Not only do women inventors submit far fewer US patent applications than men, but they also have much greater difficulty in obtaining and maintaining rights, a new study has revealed. The first-of-its-kind research found that female applicants are more likely to have their applications rejected and less likely to appeal these rejections. Women also had fewer claims allowed on average, while their granted patents received fewer citations and were less likely to be maintained.
Published earlier this month, the paper – Gender differences in obtaining and maintaining patent rights – was able to examine roughly 2.7 million patent applications between 2001 and 2014 thanks to a newly accessible database from the USPTO. This information was then paired with the USPTO’s maintenance-fee and full-text patent databases. The probable gender of each inventor was determined by using forename gender distributions from the US Social Security Administration and two commercial databases.
The research was authored by Kyle Jensen, Balázs Kovács and Olav Sorenson at the School of Management of Yale University. Speaking to IAM, Kovács stated: “We noticed there were few, if any, studies on the effects of gender in the patent field. And, before the USPTO released its aggregate patent data, it was not possible to conduct this kind of research.”
The main finding from the study was that female inventors were 21% less likely to have their patents granted than their male counterparts. However, Kovács stresses that this is without any fixed effects being accounted for; this figure varies significantly when controlling for different variables, as seen in the graph below.
For example, when taking into consideration the application’s technology class, women were only disadvantaged by 7% compared to men, meaning that their less favourable outcomes stemmed at least partly from the fact that they were applying at higher rates than men in technology classes which had lower acceptance rates (regardless of gender).
But even after taking this into account, women still fared worse in practically all circumstances. They were less likely to have their rejections appealed; while even when granted, their patents had the number of independent claims reduced compared to men and the number of words added to their claims increased by 2.5%, so lessening patent scope. Their patents also received 11% fewer citations from other applicants and 3.5% fewer citations from examiners.
By comparing the results between common and rare names, the paper was able to identify that the reasons for the differences between the outcomes for men and women were likely to have arisen from the examiner side as opposed to the applicant side. Common names like ‘Robert’ or ‘Mary’ would allow examiners to deduce the gender of the applicant with a high level of confidence, whereas rarer names such as ‘Jameire’ and ‘Kunnath’ would not, despite these names also being strongly associated with gender (male and female respectively).
Women with rarer names were significantly less disadvantaged than those with common names when it came to having their applications accepted.

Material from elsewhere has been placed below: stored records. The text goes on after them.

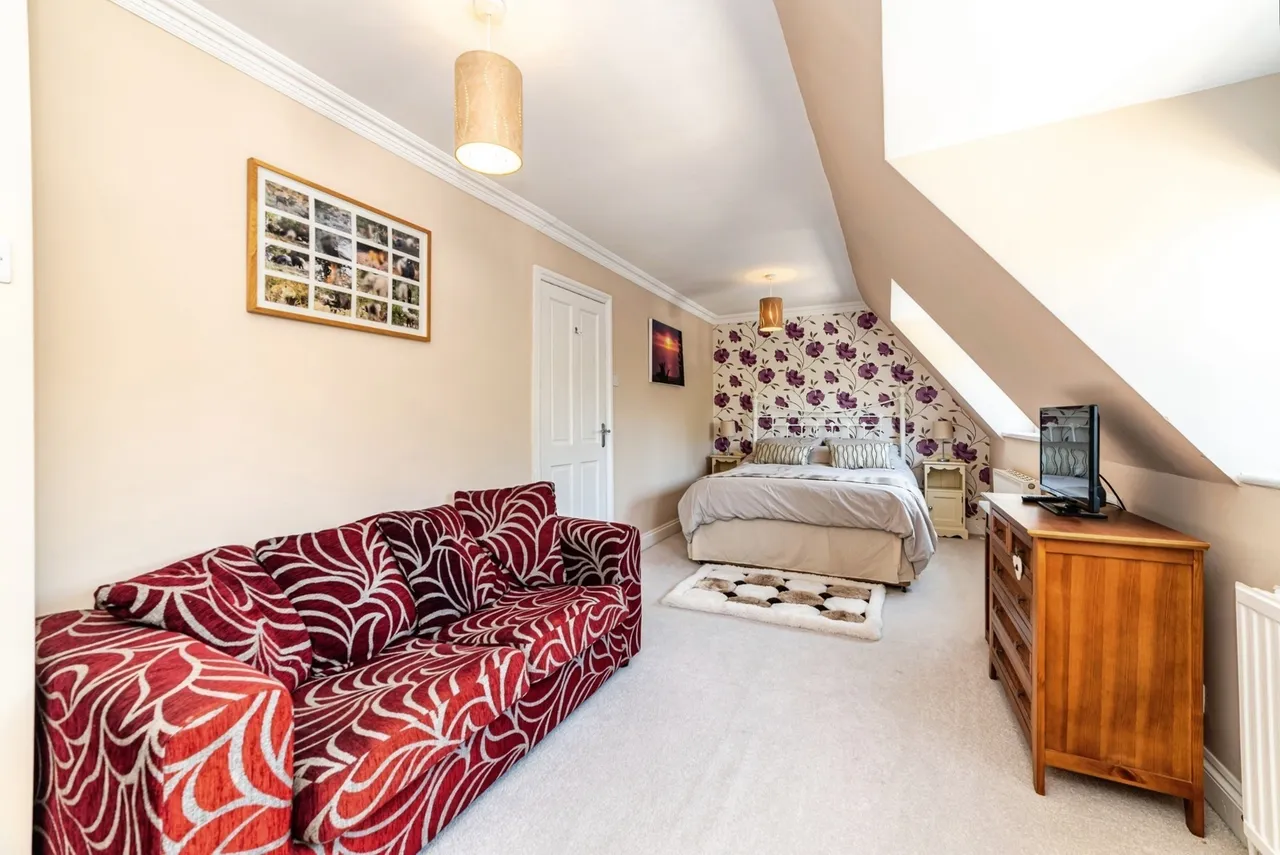 Holly Lane, Silchester, RG7, photo 33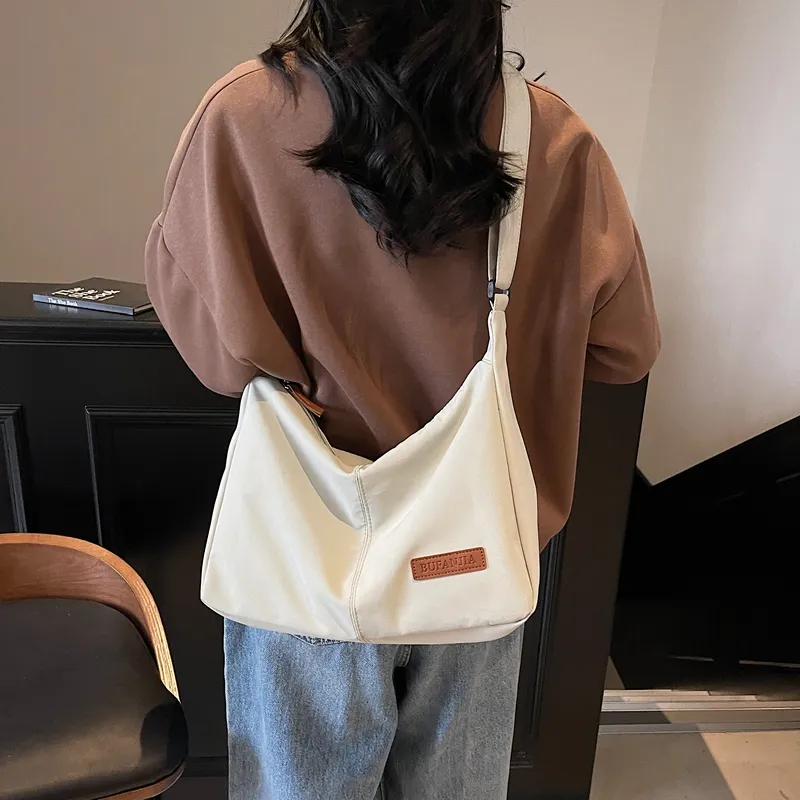 Single Warehouse Fabric Shoulder Bag Regular Unisex White/Light Green/Gray/Black-5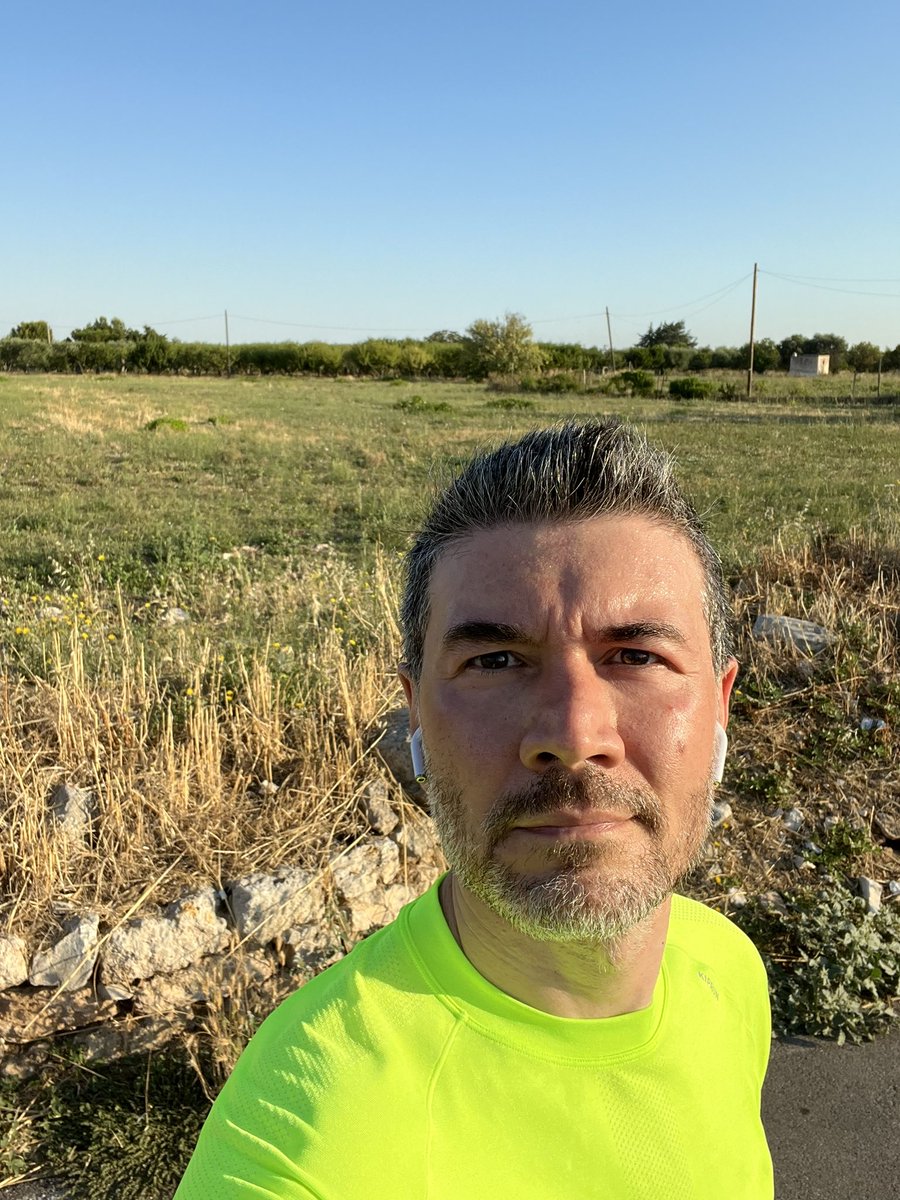 Corsetta alle 6 del mattino. Per iniziare la meglio la settimana.
7.7 km
6’28” / km
144 bpm
169 ppm
.
Buon lunedì ☀️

Future applicants also cited the patents of women with common names 30% less often than the patents of men with common names; in contrast, women with rare names had their patents cited 20% more than the patents of men with rare names.
Kovács provides one possible explanation for this: “We did not explore why women with rare names performed significantly better than men with rare names, but it may be because women have higher quality patents, which would lead to more citations. This would only show, though, if the examiner was not able to initially infer the applicant’s gender.”
This was one of only two circumstances where women did not fare worse than men, the other being the difference in time between application and issuance. “In this case, it is essentially the same for both men and women”, says Kovács.
Although the paper highlights that, whether consciously or subconsciously, examiners appear to be biased, Kovács mentions that the difference in the probability of women inventors paying maintenance fees may indicate some internal bias, too. He states: “As most inventors are part of a company and it is the company that typically chooses whether to pay the maintenance fee or not, the fact that the patents of women were less likely to be maintained by their assignees might mean there is bias or pressure within the company for women not to pay.”
One final interesting finding was that the disparities for women were more pronounced in the life sciences, despite their relatively higher representation in the field. The paper notes that in the life sciences an all-women team of inventors was 11% less likely to have its application accepted compared to a team of all-male inventors.
The authors of the paper suggest one possible solution for the differences in outcomes between men and women would be to make the patent prosecution process more ‘blind’ regarding the identity of applicants. They point out that such processes have previously helped to eliminate gender biases in other settings. However, Kovács notes that although women clearly have a disadvantage when trying to secure patent rights, the far bigger problem is that there are not enough women submitting applications in the first place. Indeed, women currently make up only approximately 10% of US patent inventors, and to say this is a serious issue would not be an overstatement: another recent study showed that if women, along with minorities and those from low-income backgrounds, innovated at the same rate as high-income white men the level of innovation in the US would quadruple.
The good news is that this issue continues to gain recognition. World IP Day is just around the corner, with the theme this year being “Powering change: Women in innovation and creativity” – in celebration of this theme, IAM’s guest blog from Clarivate this month took a look back through history at the contribution of female inventors and innovators.